▶ Problem statement
Transcribe all of the data exactly. Images stay out.

▶ Data segment
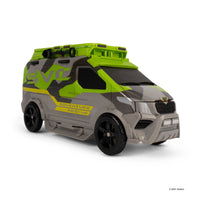 Micro Machines Super Van City Playset - 4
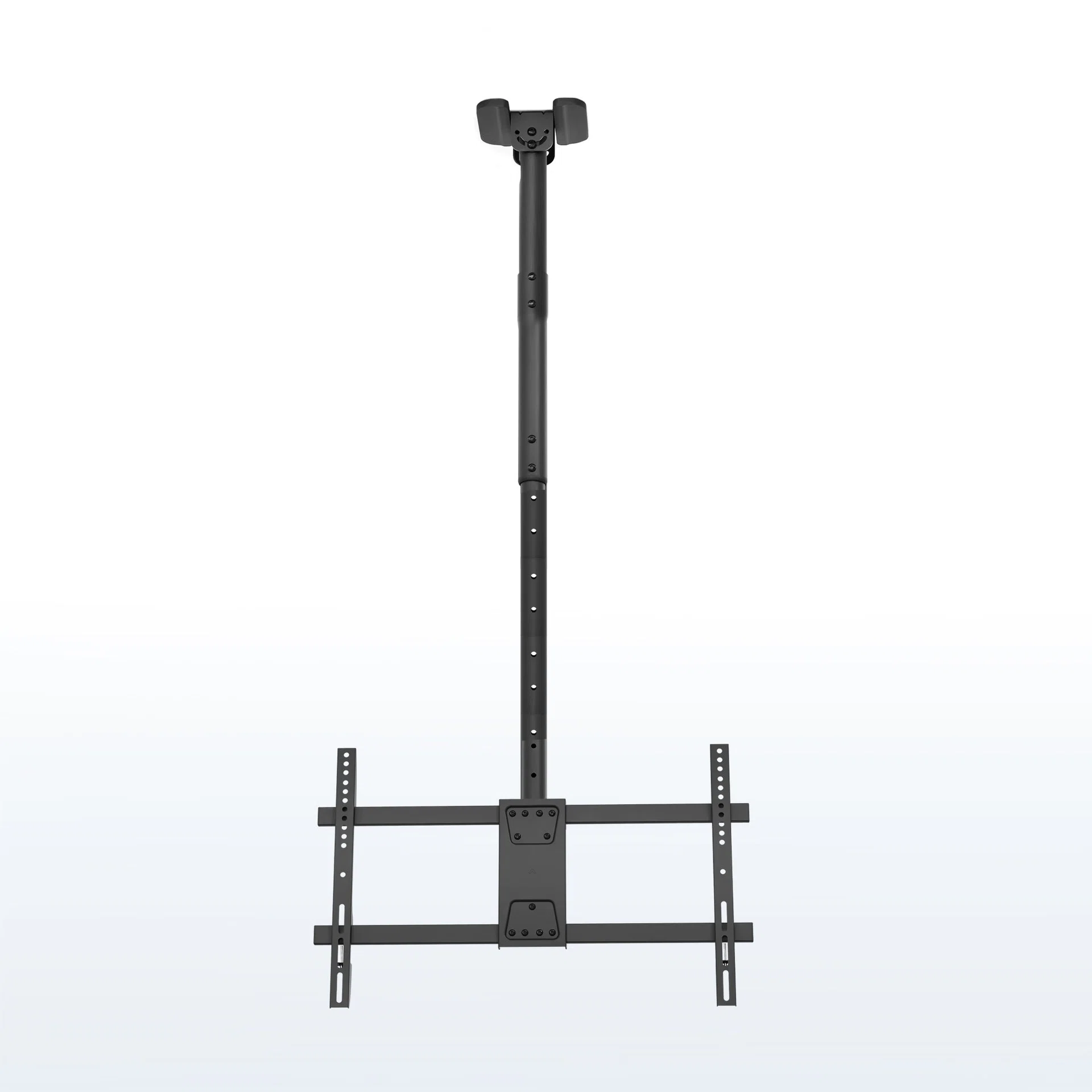 Ceiling TV Mount with Extension Pole - 43” to 86” Screens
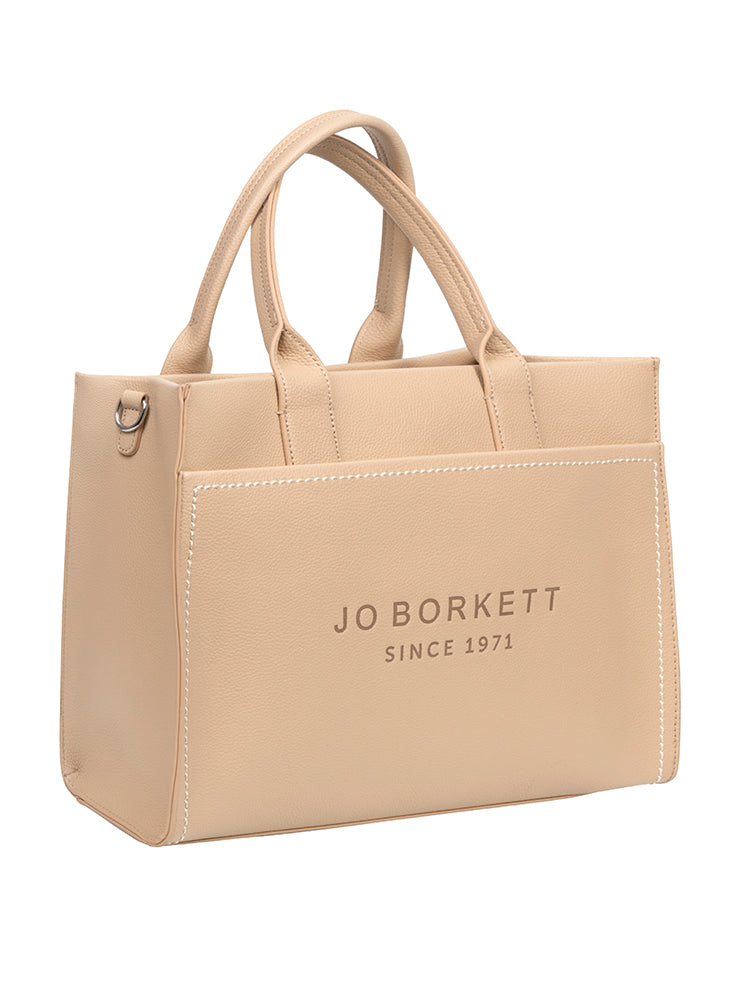 Jo Borkett Skye Shopper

▶ Written solution
 Micro Machines Super Van City Playset - 4
 Ceiling TV Mount with Extension Pole - 43” to 86” Screens
 Jo Borkett Skye Shopper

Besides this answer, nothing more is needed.